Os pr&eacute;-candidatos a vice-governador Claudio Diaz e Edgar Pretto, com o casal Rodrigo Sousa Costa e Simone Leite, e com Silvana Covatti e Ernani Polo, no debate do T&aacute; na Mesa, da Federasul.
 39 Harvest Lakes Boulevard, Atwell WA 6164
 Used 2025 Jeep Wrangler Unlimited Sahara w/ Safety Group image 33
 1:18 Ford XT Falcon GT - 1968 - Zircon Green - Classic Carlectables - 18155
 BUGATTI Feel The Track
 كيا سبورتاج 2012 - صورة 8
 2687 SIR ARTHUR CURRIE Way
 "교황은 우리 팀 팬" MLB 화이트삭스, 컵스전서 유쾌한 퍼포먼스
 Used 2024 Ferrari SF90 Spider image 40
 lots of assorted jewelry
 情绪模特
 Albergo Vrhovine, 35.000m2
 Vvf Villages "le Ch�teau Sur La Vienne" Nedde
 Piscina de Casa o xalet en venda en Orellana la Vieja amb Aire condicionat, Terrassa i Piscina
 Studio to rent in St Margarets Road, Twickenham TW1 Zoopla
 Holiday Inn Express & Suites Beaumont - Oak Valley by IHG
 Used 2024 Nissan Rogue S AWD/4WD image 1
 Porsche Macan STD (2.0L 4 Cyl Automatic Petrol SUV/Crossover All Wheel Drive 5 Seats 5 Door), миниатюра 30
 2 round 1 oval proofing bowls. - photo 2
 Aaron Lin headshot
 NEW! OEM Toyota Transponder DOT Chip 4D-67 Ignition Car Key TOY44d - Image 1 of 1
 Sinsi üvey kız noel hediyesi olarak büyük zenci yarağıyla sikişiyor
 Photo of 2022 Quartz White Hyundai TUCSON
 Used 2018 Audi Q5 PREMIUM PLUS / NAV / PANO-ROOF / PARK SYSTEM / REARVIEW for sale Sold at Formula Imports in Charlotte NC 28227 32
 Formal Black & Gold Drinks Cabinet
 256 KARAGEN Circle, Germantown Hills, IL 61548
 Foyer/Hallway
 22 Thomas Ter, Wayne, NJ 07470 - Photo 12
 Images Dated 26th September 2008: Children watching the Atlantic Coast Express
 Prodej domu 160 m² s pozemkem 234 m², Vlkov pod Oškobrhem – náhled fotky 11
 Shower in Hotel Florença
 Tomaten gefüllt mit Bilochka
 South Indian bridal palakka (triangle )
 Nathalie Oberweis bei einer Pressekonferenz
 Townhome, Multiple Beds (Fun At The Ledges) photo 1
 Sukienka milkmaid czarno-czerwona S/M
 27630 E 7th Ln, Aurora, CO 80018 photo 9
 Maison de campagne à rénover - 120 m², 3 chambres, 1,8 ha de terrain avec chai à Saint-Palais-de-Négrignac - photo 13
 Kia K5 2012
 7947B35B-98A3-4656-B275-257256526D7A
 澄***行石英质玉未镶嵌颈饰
________________________________________
» **YOUR OBJECTIVE**: The expected answer is an exact copy of the lines beginning at the one with "Used 2018 Audi" and running to the end of the entries above.

» **ANSWER SPACE**:
 Used 2018 Audi Q5 PREMIUM PLUS / NAV / PANO-ROOF / PARK SYSTEM / REARVIEW for sale Sold at Formula Imports in Charlotte NC 28227 32
 Formal Black & Gold Drinks Cabinet
 256 KARAGEN Circle, Germantown Hills, IL 61548
 Foyer/Hallway
 22 Thomas Ter, Wayne, NJ 07470 - Photo 12
 Images Dated 26th September 2008: Children watching the Atlantic Coast Express
 Prodej domu 160 m² s pozemkem 234 m², Vlkov pod Oškobrhem – náhled fotky 11
 Shower in Hotel Florença
 Tomaten gefüllt mit Bilochka
 South Indian bridal palakka (triangle )
 Nathalie Oberweis bei einer Pressekonferenz
 Townhome, Multiple Beds (Fun At The Ledges) photo 1
 Sukienka milkmaid czarno-czerwona S/M
 27630 E 7th Ln, Aurora, CO 80018 photo 9
 Maison de campagne à rénover - 120 m², 3 chambres, 1,8 ha de terrain avec chai à Saint-Palais-de-Négrignac - photo 13
 Kia K5 2012
 7947B35B-98A3-4656-B275-257256526D7A
 澄***行石英质玉未镶嵌颈饰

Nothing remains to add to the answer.